Records for this task section start

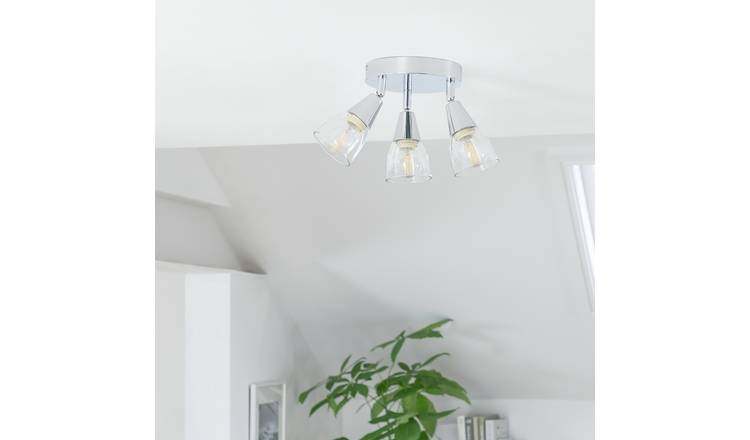 Argos Home Curico 3 light flush ceiling light chrome 35cm, UK version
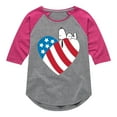 thumbnail image 1 of Peanuts - Snoopy On Flag Heart - Toddler & Youth Girls Raglan Graphic T-Shirt, 1 of 5
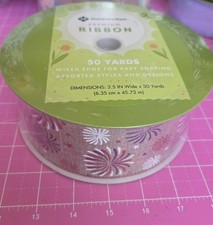 Member's Mark Premium Wired Ribbon 50 Yards, 2.5in Width Red White And Blue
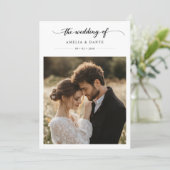 Rustieke Boho Foto Black Whimsy Kalligrafie Weddin Kaart (Staand voorkant)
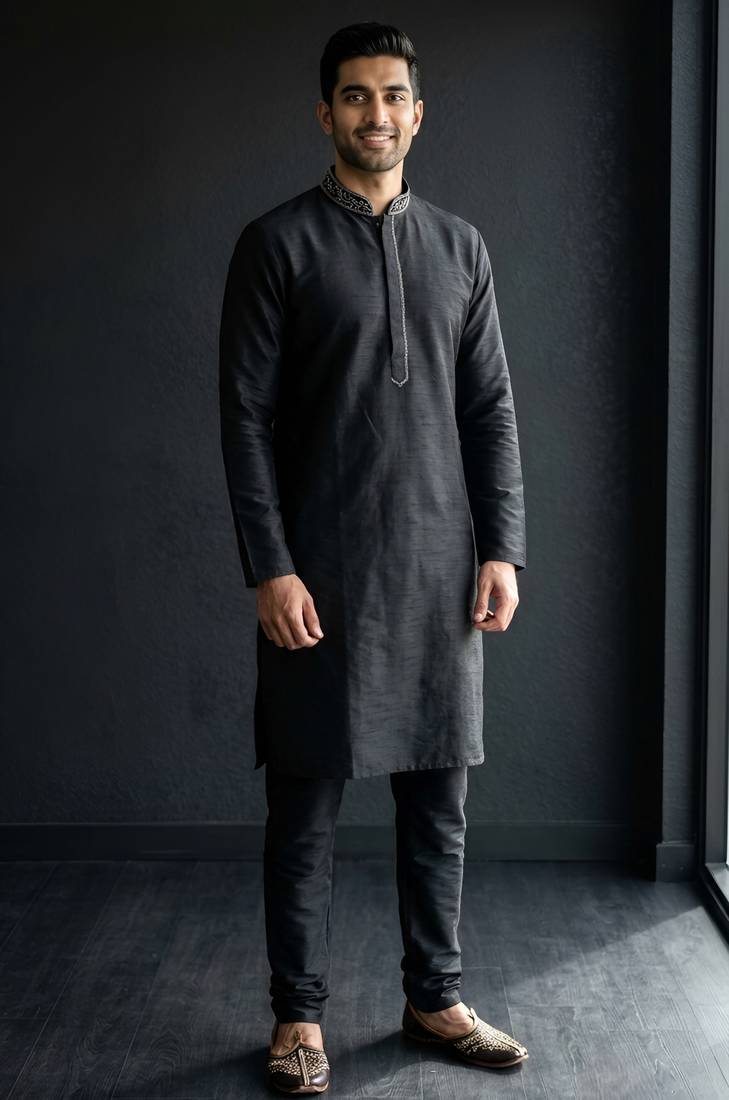 Black embroidered dupion silk kurta set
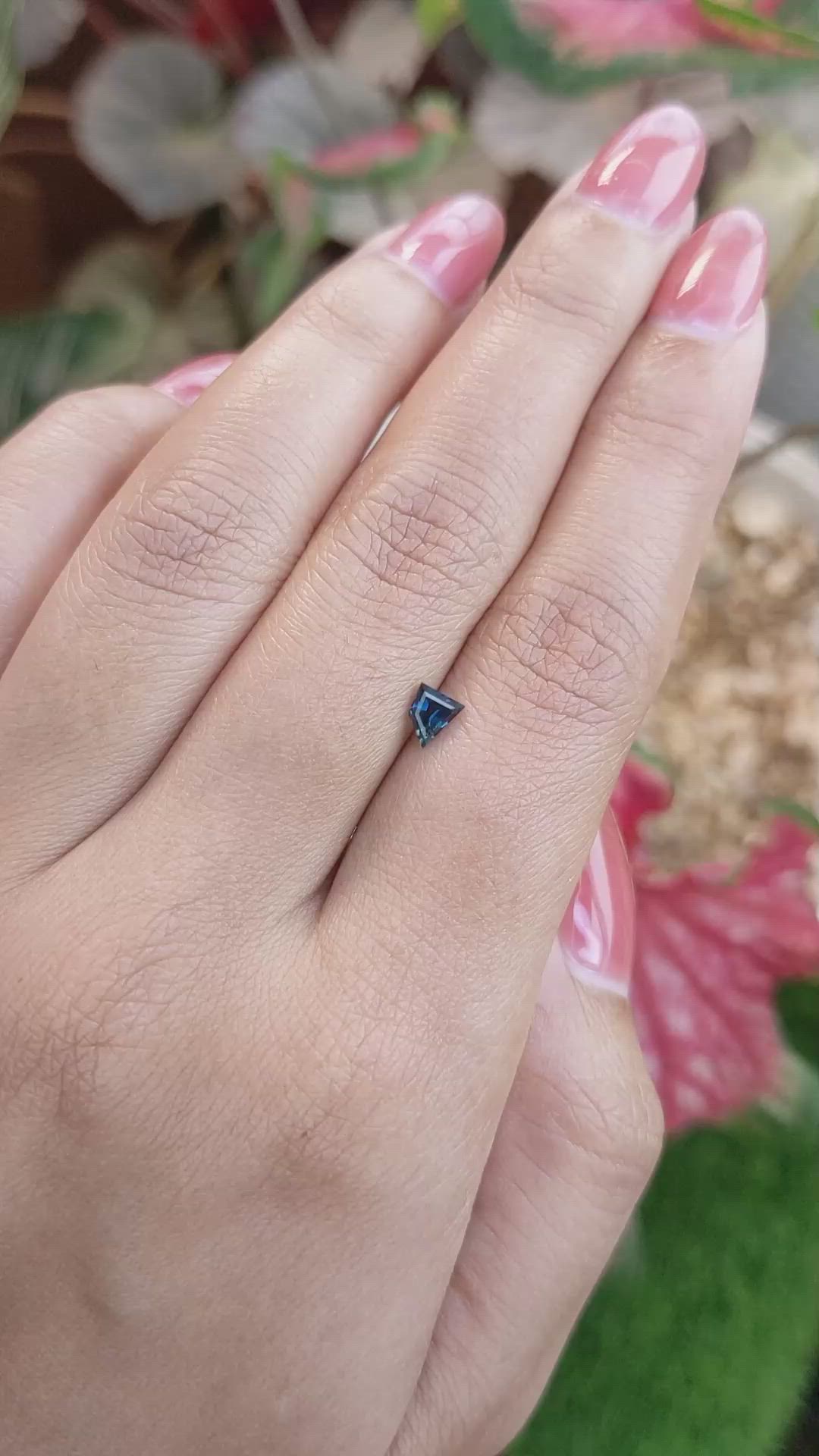 0.42 Ct. Greenish Blue Sapphire from Ceylon (Sri Lanka) Size Video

Records for this task section end

Assignment:
Set down word for word the lines from the opening of the entries above through the line that contains "Member's Mark Premium", and omit every picture.

Result below:
 Argos Home Curico 3 light flush ceiling light chrome 35cm, UK version
 thumbnail image 1 of Peanuts - Snoopy On Flag Heart - Toddler & Youth Girls Raglan Graphic T-Shirt, 1 of 5
 Member's Mark Premium Wired Ribbon 50 Yards, 2.5in Width Red White And Blue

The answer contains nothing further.